── Information ──

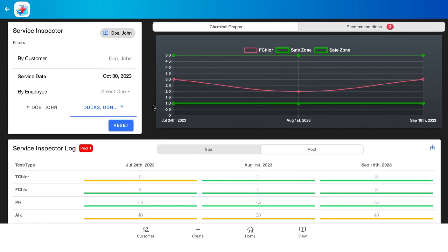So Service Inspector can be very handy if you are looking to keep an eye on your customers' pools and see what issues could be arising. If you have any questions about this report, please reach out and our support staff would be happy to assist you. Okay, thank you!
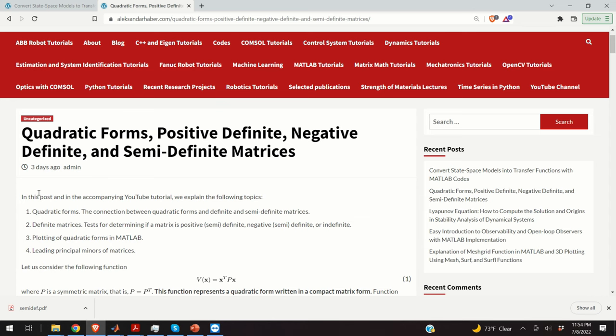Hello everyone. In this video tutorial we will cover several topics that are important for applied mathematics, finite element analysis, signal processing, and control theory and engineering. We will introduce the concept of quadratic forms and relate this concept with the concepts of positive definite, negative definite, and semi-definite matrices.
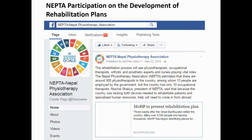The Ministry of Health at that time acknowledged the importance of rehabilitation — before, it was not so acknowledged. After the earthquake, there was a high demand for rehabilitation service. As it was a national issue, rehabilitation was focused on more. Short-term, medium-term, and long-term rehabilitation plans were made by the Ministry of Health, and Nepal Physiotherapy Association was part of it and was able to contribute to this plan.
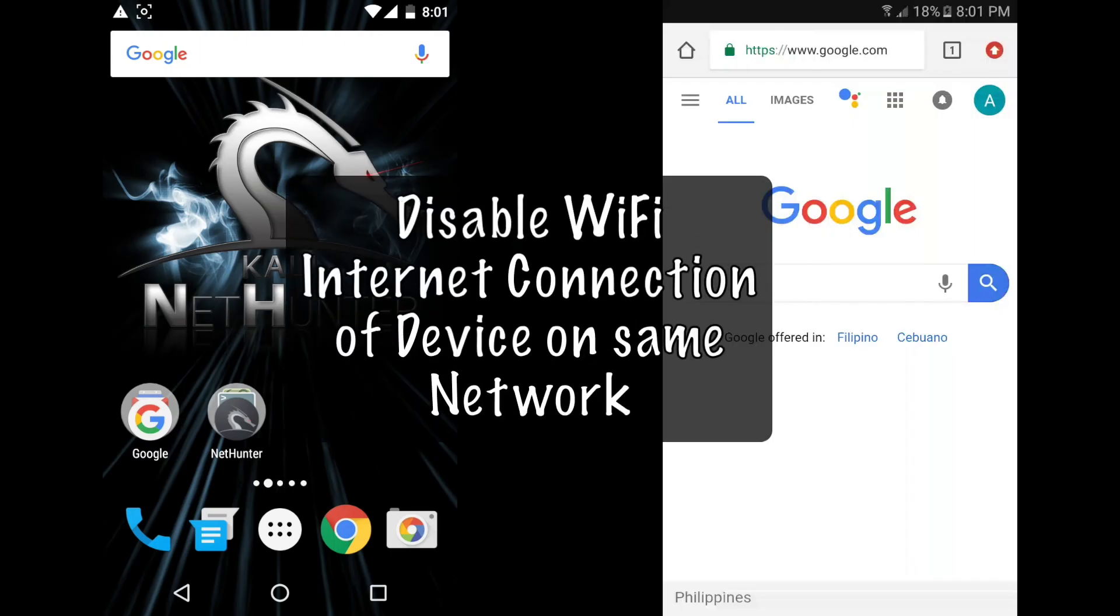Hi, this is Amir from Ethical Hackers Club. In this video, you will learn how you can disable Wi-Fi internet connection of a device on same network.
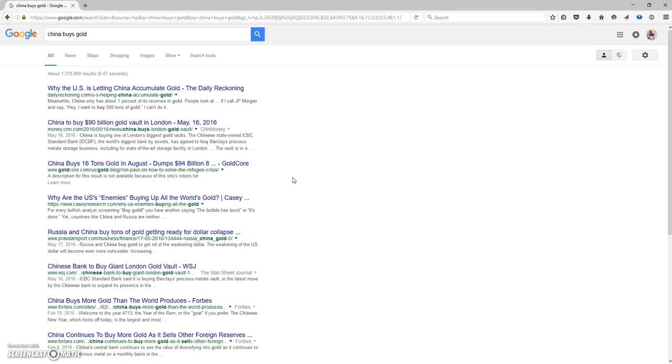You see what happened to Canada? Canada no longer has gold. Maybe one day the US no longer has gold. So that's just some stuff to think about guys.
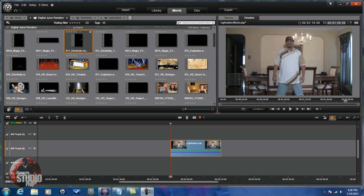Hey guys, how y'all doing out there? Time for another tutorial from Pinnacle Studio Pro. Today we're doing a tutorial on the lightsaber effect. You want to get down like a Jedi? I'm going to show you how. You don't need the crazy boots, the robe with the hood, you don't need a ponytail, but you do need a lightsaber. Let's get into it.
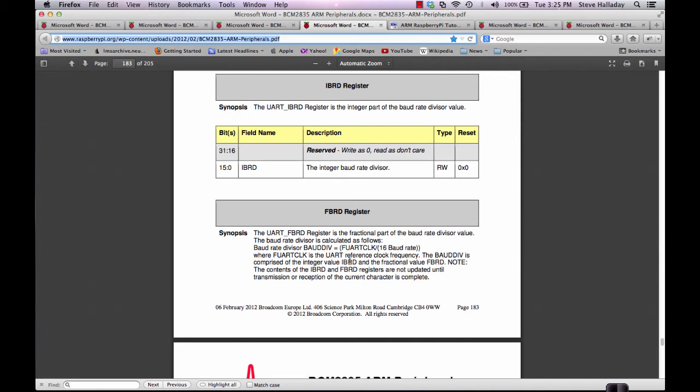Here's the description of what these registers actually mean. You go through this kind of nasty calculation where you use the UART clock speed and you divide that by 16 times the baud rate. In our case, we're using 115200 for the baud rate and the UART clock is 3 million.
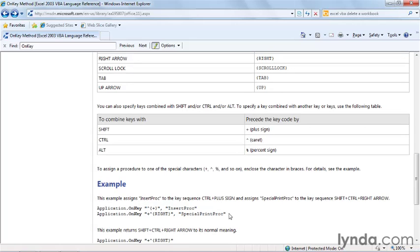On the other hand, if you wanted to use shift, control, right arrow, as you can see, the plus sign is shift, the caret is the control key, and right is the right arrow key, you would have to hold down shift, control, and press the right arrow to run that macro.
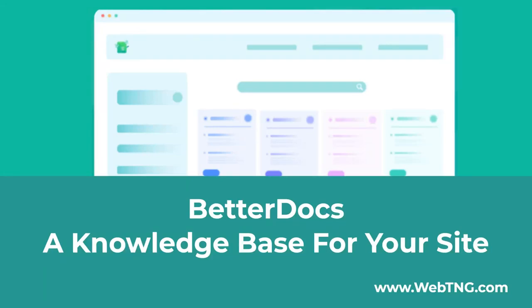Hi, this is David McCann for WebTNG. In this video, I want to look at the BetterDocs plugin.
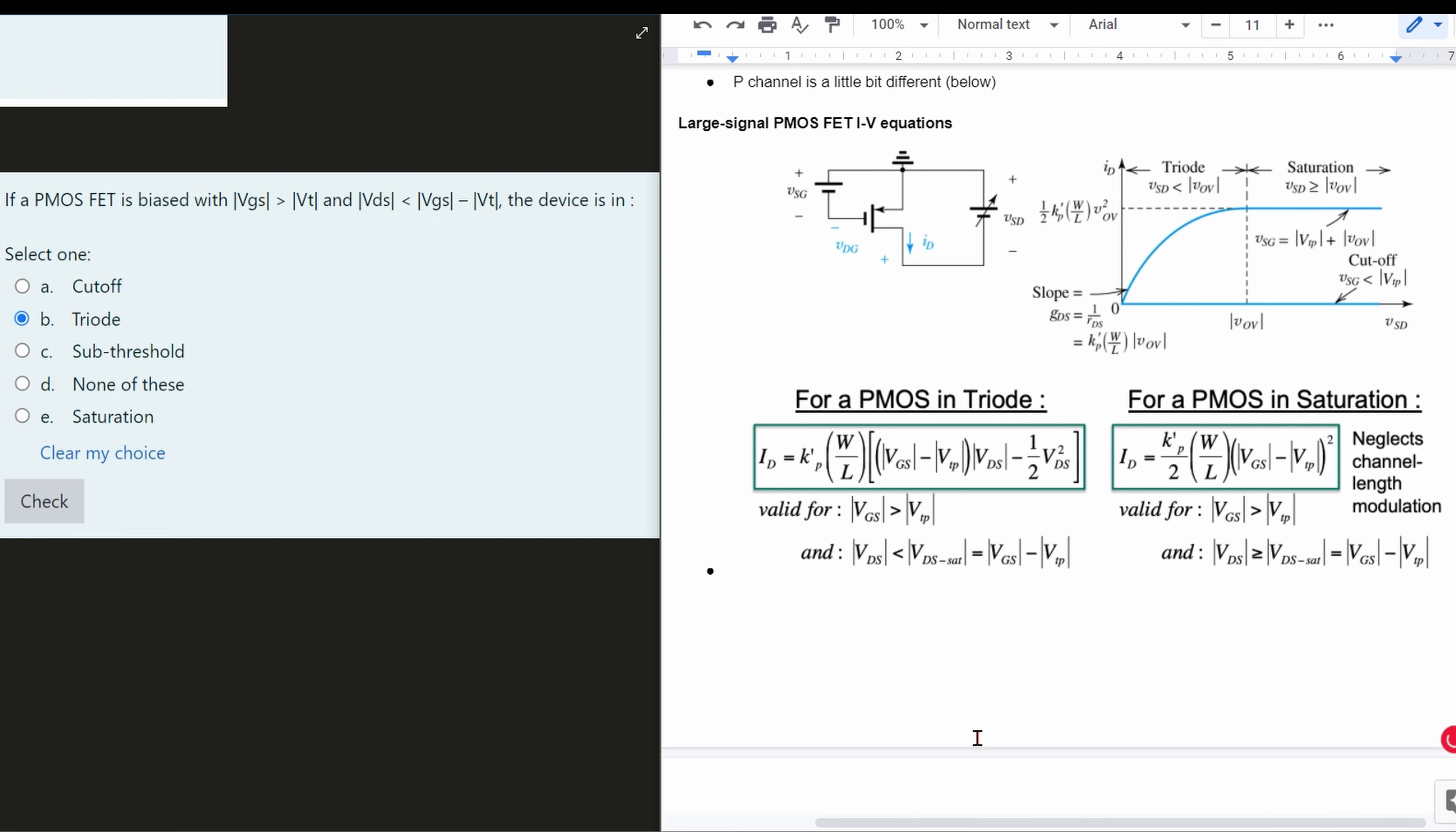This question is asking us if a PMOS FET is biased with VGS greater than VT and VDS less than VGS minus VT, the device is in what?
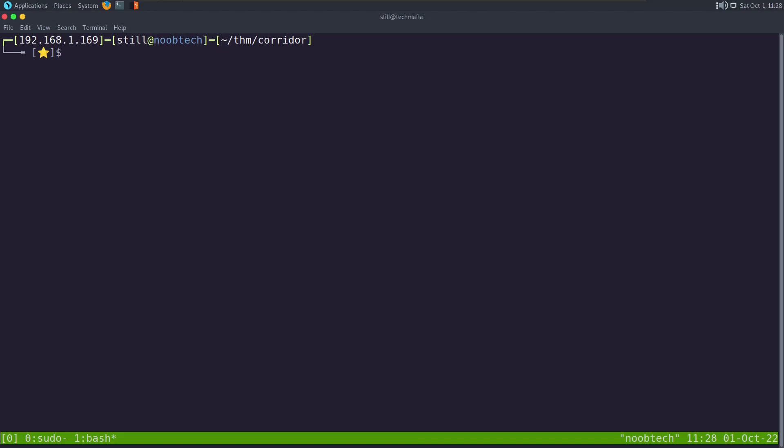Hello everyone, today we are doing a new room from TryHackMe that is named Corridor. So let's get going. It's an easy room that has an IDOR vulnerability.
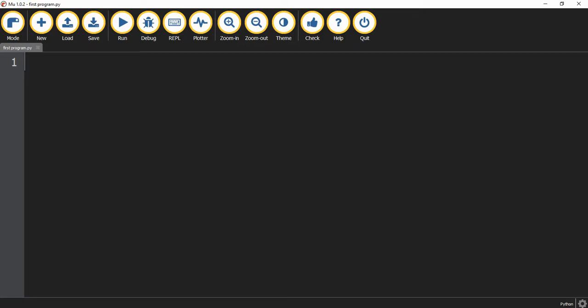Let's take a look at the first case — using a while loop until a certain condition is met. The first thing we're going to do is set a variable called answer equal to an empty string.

───
── Information ──

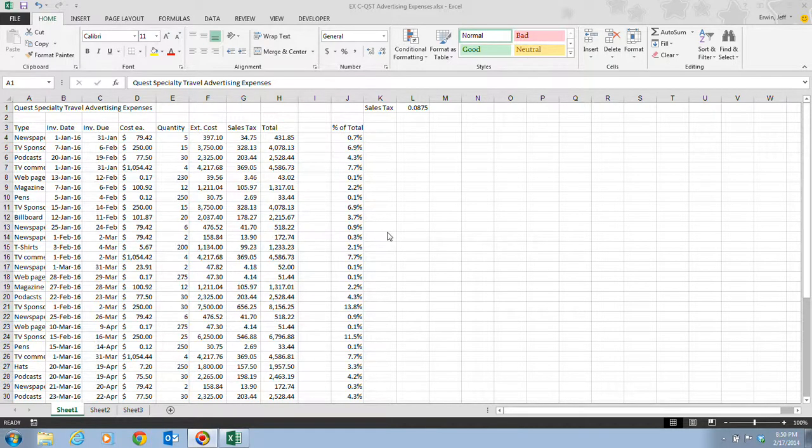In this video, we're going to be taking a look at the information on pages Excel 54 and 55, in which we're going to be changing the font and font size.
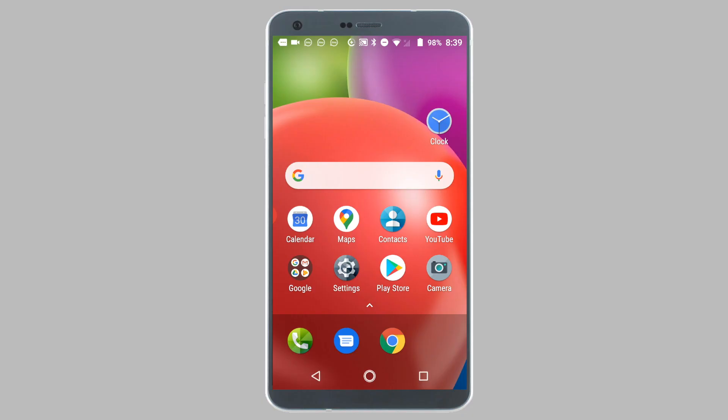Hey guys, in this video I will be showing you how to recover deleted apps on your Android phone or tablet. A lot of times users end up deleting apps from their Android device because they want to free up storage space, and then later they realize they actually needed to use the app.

───
── Information ──

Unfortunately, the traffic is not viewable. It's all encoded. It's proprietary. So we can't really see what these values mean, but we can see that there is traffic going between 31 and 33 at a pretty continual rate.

───

Exercise: With the pictures removed, print only the lines starting at the line that has "The Ministry of Health at" and ending at the line that has "You see what", both ends included, exactly as they stand above.

The completed task:
The Ministry of Health at that time acknowledged the importance of rehabilitation — before, it was not so acknowledged. After the earthquake, there was a high demand for rehabilitation service. As it was a national issue, rehabilitation was focused on more. Short-term, medium-term, and long-term rehabilitation plans were made by the Ministry of Health, and Nepal Physiotherapy Association was part of it and was able to contribute to this plan.
Hi, this is Amir from Ethical Hackers Club. In this video, you will learn how you can disable Wi-Fi internet connection of a device on same network.
You see what happened to Canada? Canada no longer has gold. Maybe one day the US no longer has gold. So that's just some stuff to think about guys.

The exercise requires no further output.